WHAT THE EXERCISE ASKS:
Return the run of lines below that opens with the line containing "bedroom featuring crown" and closes with the line containing "Sonrisa alegre positiva", keeping each one exact.

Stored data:
┌──

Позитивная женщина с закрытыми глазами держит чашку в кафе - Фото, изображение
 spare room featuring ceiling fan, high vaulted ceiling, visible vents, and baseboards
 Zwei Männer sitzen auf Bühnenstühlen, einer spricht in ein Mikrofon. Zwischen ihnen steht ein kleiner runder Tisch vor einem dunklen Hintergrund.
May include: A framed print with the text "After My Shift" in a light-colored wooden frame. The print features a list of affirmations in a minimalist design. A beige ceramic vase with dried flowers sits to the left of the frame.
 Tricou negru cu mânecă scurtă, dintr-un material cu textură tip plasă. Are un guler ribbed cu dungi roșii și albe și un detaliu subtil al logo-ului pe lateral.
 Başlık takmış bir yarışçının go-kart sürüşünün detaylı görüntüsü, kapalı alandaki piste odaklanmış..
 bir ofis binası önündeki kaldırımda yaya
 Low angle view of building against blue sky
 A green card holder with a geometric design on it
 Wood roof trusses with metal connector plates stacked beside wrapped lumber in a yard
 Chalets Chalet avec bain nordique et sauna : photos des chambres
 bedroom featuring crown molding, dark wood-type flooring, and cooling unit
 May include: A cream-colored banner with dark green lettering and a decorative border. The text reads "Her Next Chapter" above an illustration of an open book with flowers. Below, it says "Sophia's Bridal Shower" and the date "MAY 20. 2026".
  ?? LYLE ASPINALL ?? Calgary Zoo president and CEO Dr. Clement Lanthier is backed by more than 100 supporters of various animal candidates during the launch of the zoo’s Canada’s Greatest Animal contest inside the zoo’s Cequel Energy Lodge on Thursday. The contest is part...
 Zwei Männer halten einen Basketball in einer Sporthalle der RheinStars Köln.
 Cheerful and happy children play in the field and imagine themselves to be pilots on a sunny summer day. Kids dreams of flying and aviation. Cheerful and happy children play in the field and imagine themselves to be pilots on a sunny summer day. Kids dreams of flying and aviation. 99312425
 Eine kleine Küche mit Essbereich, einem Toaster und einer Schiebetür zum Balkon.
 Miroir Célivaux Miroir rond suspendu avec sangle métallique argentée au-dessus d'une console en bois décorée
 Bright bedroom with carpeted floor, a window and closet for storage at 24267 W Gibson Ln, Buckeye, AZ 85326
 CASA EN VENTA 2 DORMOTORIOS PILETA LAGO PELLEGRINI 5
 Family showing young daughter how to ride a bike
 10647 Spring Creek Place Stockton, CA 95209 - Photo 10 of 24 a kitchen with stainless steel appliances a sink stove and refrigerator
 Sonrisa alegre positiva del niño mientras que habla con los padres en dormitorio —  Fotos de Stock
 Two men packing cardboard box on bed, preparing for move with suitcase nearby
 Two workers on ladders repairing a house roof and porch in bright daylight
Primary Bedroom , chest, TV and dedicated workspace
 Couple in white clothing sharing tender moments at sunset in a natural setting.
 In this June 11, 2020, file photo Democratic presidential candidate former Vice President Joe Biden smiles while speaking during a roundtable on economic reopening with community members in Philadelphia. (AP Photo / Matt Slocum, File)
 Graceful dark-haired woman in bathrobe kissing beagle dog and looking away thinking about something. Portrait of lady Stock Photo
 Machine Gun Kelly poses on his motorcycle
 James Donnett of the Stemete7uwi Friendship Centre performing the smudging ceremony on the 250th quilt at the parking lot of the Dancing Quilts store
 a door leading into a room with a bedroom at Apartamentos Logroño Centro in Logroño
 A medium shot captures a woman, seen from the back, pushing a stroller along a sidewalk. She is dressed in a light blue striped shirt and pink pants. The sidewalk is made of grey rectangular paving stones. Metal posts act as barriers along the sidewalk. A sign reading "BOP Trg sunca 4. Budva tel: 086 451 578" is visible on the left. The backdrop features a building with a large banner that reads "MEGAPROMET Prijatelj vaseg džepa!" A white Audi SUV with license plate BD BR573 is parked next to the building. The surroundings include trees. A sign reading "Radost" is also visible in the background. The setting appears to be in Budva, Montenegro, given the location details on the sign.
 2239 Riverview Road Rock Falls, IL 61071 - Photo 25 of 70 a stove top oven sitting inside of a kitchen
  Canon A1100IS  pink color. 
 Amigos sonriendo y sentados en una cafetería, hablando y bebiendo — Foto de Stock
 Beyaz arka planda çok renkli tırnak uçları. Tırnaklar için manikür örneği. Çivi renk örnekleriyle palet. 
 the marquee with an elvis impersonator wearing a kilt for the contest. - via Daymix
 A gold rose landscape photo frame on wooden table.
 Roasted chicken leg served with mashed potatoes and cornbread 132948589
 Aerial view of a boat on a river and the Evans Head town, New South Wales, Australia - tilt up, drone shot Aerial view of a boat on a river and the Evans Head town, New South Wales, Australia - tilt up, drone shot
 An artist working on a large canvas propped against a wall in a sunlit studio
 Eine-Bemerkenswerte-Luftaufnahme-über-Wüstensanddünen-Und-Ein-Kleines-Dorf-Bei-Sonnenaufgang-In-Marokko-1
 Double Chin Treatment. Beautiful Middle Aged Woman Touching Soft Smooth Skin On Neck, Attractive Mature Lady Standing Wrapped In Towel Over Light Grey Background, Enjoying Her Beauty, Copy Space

└──

SOLUTION TO THIS PROBLEM:
 bedroom featuring crown molding, dark wood-type flooring, and cooling unit
 May include: A cream-colored banner with dark green lettering and a decorative border. The text reads "Her Next Chapter" above an illustration of an open book with flowers. Below, it says "Sophia's Bridal Shower" and the date "MAY 20. 2026".
  ?? LYLE ASPINALL ?? Calgary Zoo president and CEO Dr. Clement Lanthier is backed by more than 100 supporters of various animal candidates during the launch of the zoo’s Canada’s Greatest Animal contest inside the zoo’s Cequel Energy Lodge on Thursday. The contest is part...
 Zwei Männer halten einen Basketball in einer Sporthalle der RheinStars Köln.
 Cheerful and happy children play in the field and imagine themselves to be pilots on a sunny summer day. Kids dreams of flying and aviation. Cheerful and happy children play in the field and imagine themselves to be pilots on a sunny summer day. Kids dreams of flying and aviation. 99312425
 Eine kleine Küche mit Essbereich, einem Toaster und einer Schiebetür zum Balkon.
 Miroir Célivaux Miroir rond suspendu avec sangle métallique argentée au-dessus d'une console en bois décorée
 Bright bedroom with carpeted floor, a window and closet for storage at 24267 W Gibson Ln, Buckeye, AZ 85326
 CASA EN VENTA 2 DORMOTORIOS PILETA LAGO PELLEGRINI 5
 Family showing young daughter how to ride a bike
 10647 Spring Creek Place Stockton, CA 95209 - Photo 10 of 24 a kitchen with stainless steel appliances a sink stove and refrigerator
 Sonrisa alegre positiva del niño mientras que habla con los padres en dormitorio —  Fotos de Stock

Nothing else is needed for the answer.